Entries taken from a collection

· · ·

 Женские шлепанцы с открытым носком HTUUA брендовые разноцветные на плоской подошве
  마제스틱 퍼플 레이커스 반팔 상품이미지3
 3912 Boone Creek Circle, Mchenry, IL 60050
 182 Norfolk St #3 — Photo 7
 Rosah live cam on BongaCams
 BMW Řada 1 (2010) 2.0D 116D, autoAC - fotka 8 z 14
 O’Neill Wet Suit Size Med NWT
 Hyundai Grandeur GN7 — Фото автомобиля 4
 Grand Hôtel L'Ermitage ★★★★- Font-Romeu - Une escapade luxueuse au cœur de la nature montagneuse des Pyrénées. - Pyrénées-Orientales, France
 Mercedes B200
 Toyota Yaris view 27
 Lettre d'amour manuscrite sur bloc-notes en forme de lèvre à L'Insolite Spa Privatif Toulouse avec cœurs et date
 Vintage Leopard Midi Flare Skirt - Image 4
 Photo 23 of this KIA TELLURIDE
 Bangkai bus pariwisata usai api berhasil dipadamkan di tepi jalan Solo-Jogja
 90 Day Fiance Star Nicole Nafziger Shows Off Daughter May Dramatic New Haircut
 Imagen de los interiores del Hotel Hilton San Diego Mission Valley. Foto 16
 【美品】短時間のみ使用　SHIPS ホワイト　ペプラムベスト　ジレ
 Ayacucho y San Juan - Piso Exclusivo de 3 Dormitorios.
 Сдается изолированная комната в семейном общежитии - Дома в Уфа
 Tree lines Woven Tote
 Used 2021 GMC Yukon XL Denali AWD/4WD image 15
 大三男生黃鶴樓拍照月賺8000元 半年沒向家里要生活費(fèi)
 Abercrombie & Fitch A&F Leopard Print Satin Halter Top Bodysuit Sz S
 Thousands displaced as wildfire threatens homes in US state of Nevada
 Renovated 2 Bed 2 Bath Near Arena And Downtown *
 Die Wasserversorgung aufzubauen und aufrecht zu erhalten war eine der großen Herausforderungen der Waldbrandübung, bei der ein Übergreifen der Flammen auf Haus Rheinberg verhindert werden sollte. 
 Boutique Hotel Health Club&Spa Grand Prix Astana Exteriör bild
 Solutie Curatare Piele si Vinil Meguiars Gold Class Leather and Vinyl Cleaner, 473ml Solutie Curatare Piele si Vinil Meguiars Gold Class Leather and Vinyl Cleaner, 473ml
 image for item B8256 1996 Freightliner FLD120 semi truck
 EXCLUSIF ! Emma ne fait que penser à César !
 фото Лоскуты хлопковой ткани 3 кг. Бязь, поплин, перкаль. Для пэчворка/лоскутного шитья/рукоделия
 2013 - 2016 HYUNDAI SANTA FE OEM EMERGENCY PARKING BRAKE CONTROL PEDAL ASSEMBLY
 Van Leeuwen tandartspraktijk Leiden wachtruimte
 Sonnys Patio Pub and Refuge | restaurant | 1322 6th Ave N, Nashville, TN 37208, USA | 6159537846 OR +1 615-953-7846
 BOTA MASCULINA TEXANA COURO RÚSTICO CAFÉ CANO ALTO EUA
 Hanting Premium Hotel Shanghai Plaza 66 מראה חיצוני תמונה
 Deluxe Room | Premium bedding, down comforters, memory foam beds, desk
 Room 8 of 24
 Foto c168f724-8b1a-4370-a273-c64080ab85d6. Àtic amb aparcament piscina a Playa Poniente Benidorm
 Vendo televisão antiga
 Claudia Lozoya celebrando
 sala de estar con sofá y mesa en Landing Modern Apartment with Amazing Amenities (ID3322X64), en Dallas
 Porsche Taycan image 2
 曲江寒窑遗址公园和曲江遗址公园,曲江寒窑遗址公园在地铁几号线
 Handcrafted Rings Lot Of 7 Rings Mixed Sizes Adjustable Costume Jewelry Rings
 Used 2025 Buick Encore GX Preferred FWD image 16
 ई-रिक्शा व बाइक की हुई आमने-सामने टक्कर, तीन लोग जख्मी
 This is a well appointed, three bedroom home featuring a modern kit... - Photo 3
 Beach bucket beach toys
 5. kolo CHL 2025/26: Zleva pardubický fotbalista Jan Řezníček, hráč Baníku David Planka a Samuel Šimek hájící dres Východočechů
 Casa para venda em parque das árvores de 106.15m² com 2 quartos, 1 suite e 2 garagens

· · ·

Nothing but a number is expected here: the number of lines above that hold the word "Foto".

Task result:
2